(Records to use):
>>>
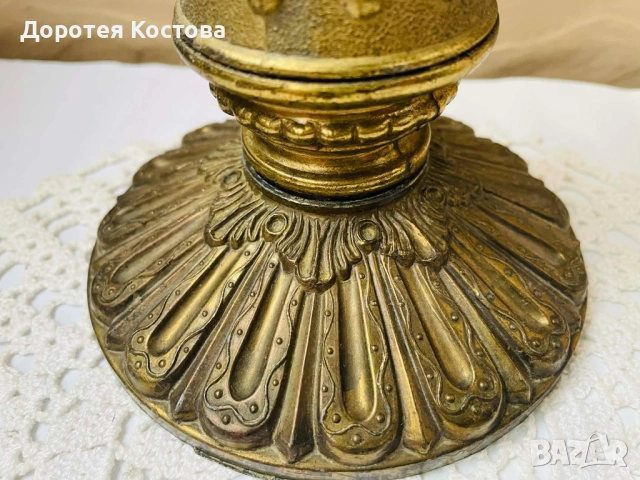 Красива голяма месингова лампа от Англия, снимка 12 - Антикварни и старинни предмети - 53398702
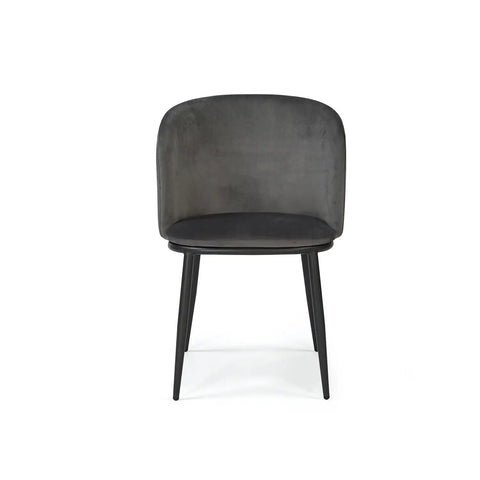 Frida Set of 2 Grey Velvet Dining Chairs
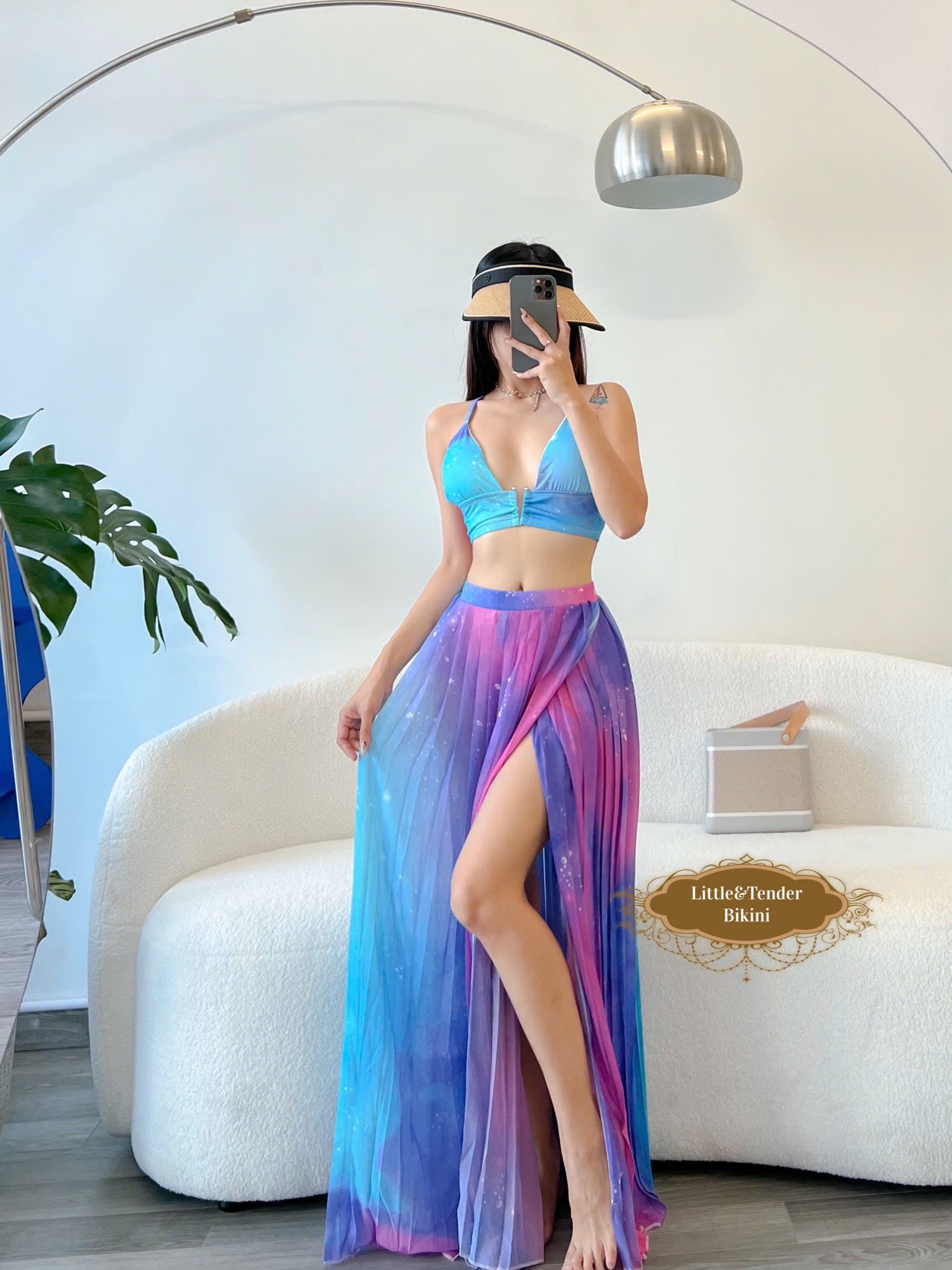 GALAXY SWIMSUIT - SET BIKINI KÈM CHÂN VÁY HỌA TIẾT NGÂN HÀ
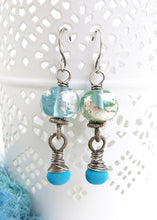 Aqua blue glass and turquoise gemstone with sterling silver drop earrings 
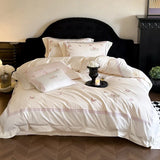 4Pcs Light Luxury Style Girlish Heart 100% Cotton Butterfly Embroidered Pink Cotton Duvet Cover 200x230 220x240 Four Seasons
<<<
The required output is the lines from the one containing "Aqua blue glass" through the end of the records above, reproduced exactly, with no pictures.

 Aqua blue glass and turquoise gemstone with sterling silver drop earrings 
 4Pcs Light Luxury Style Girlish Heart 100% Cotton Butterfly Embroidered Pink Cotton Duvet Cover 200x230 220x240 Four Seasons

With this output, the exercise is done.